WHAT TO WORK ON: Your answer should hold exactly the lines below from the line with "299 Concord Road, Northfield, NH 03276" through the line with "на этот год", both included, and no pictures at all.

RECORD EXCERPTS:
┏━━

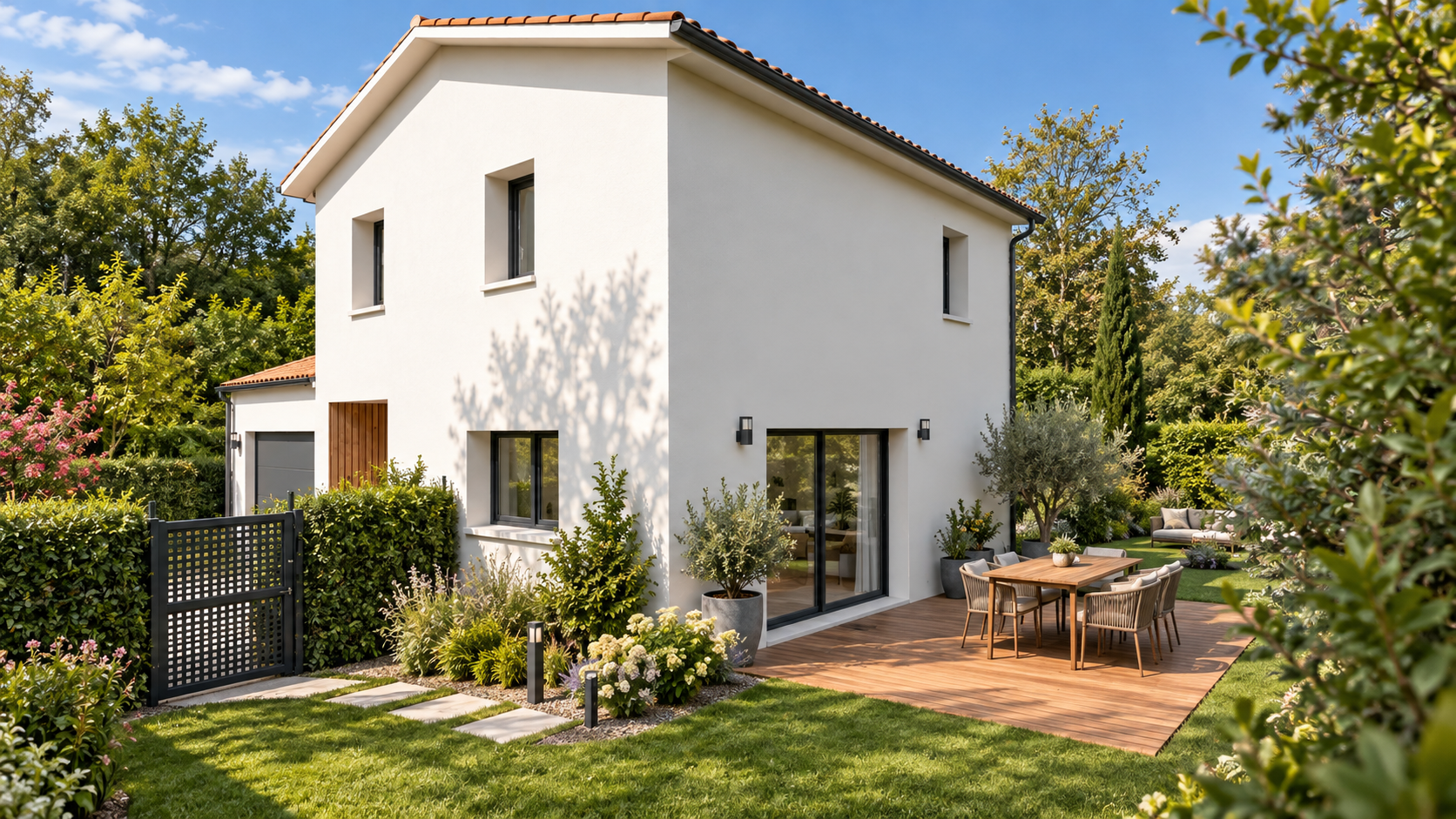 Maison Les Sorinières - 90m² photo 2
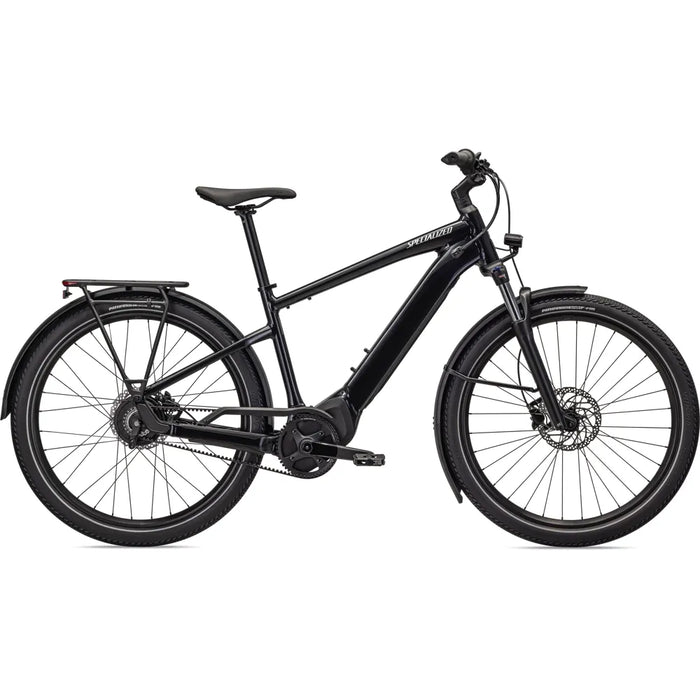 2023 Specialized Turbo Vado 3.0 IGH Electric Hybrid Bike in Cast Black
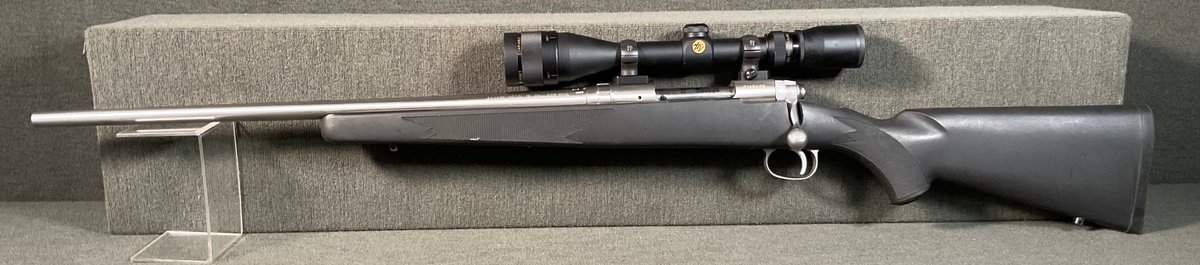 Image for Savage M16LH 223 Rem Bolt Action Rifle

┗━━
┏━━

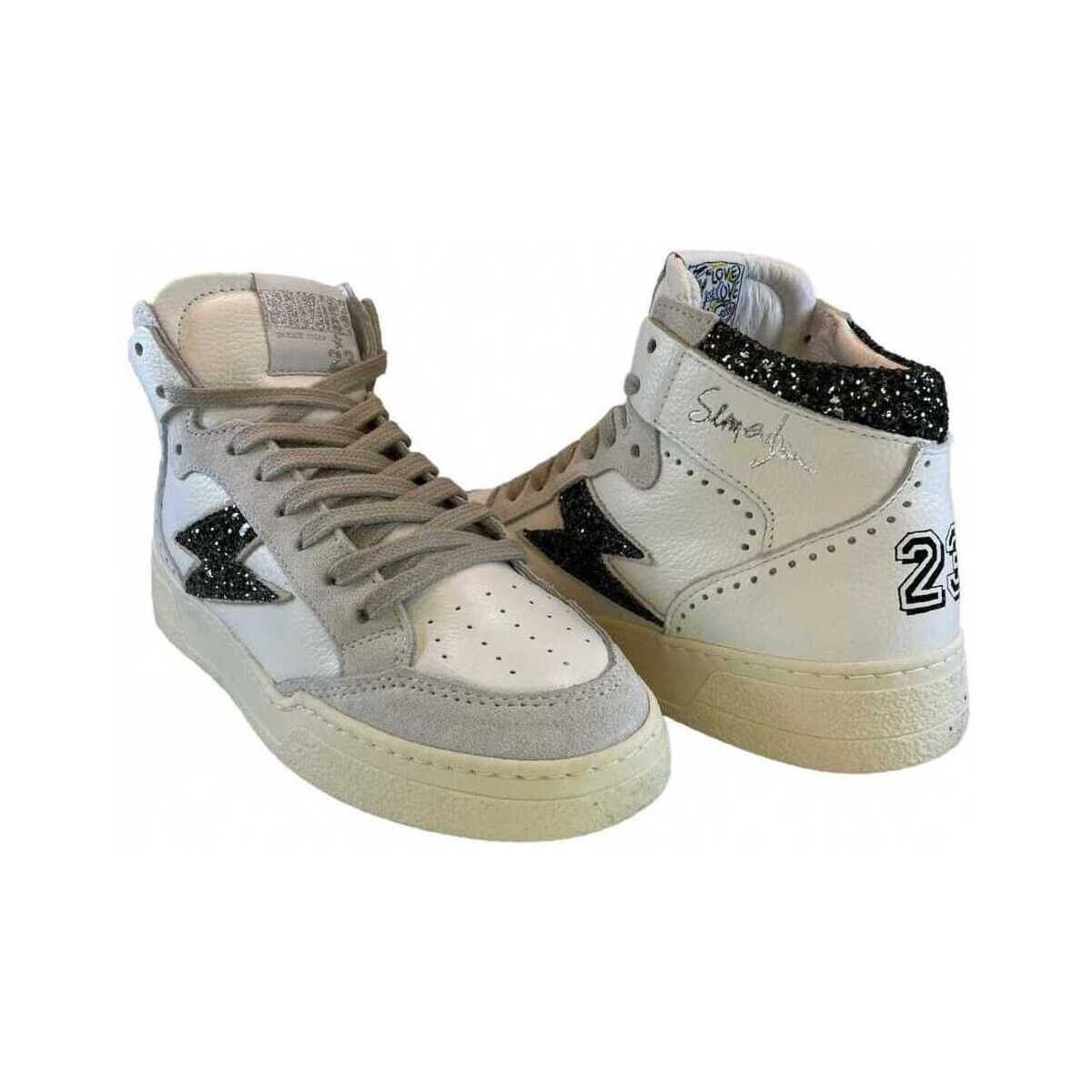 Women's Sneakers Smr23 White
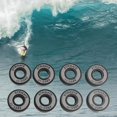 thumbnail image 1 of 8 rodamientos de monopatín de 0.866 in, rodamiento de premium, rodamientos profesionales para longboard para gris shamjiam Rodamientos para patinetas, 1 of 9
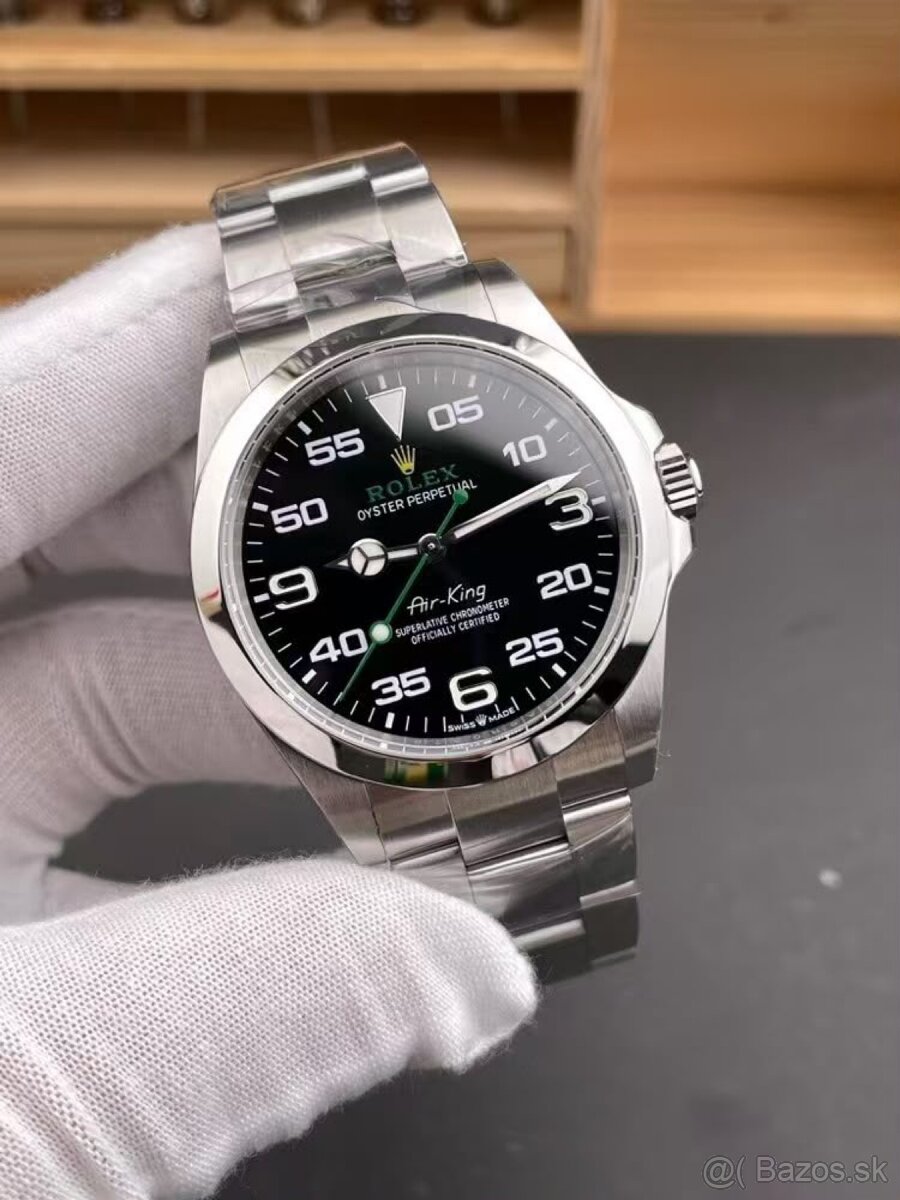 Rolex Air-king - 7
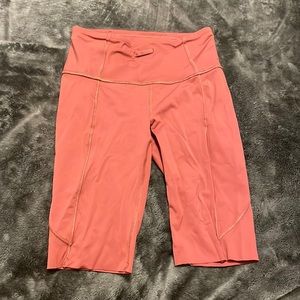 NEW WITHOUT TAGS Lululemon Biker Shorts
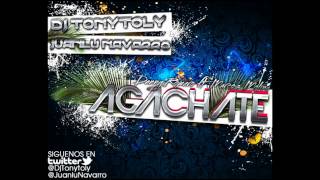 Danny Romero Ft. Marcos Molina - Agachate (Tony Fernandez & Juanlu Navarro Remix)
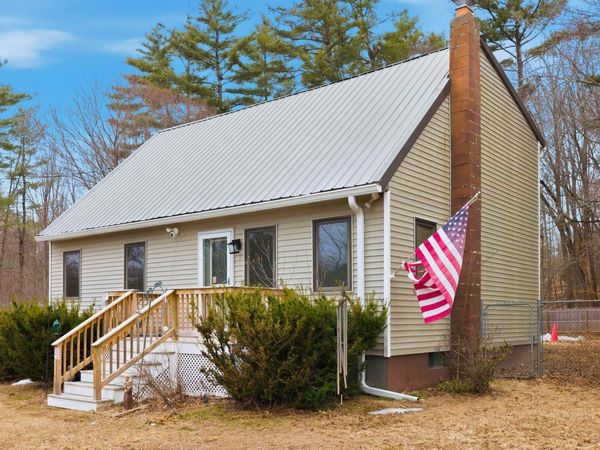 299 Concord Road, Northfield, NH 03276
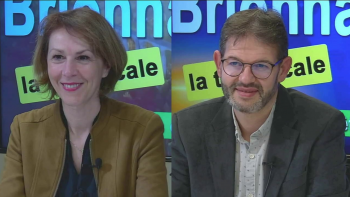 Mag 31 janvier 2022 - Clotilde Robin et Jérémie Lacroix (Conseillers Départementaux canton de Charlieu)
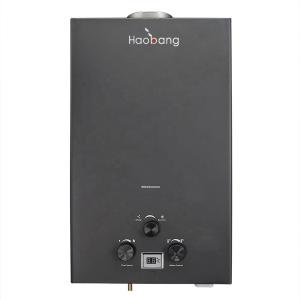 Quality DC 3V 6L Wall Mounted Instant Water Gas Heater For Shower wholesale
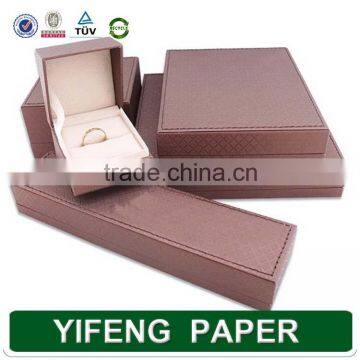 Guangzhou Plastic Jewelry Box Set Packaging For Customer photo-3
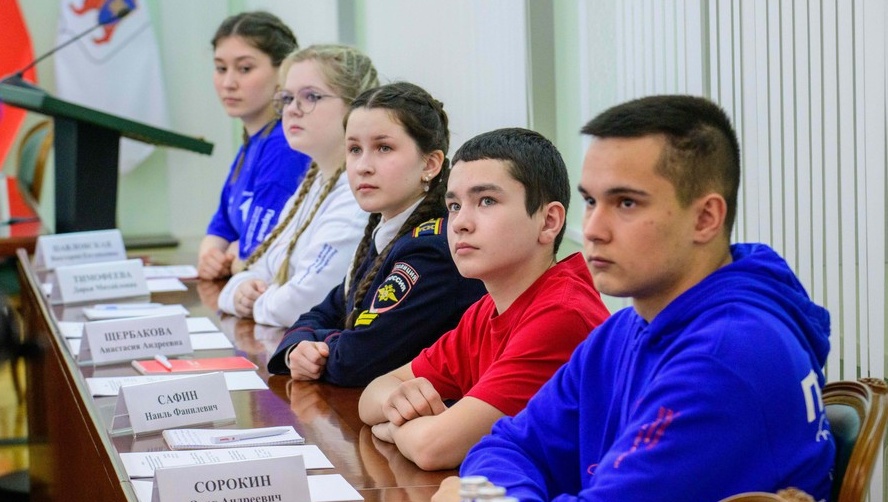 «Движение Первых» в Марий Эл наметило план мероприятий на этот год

┗━━
┏━━

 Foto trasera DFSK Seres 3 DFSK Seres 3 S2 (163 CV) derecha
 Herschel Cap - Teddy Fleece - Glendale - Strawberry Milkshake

┗━━

ANSWER FOR THIS EXERCISE:
 299 Concord Road, Northfield, NH 03276
 Mag 31 janvier 2022 - Clotilde Robin et Jérémie Lacroix (Conseillers Départementaux canton de Charlieu)
 Quality DC 3V 6L Wall Mounted Instant Water Gas Heater For Shower wholesale
 Guangzhou Plastic Jewelry Box Set Packaging For Customer photo-3
 «Движение Первых» в Марий Эл наметило план мероприятий на этот год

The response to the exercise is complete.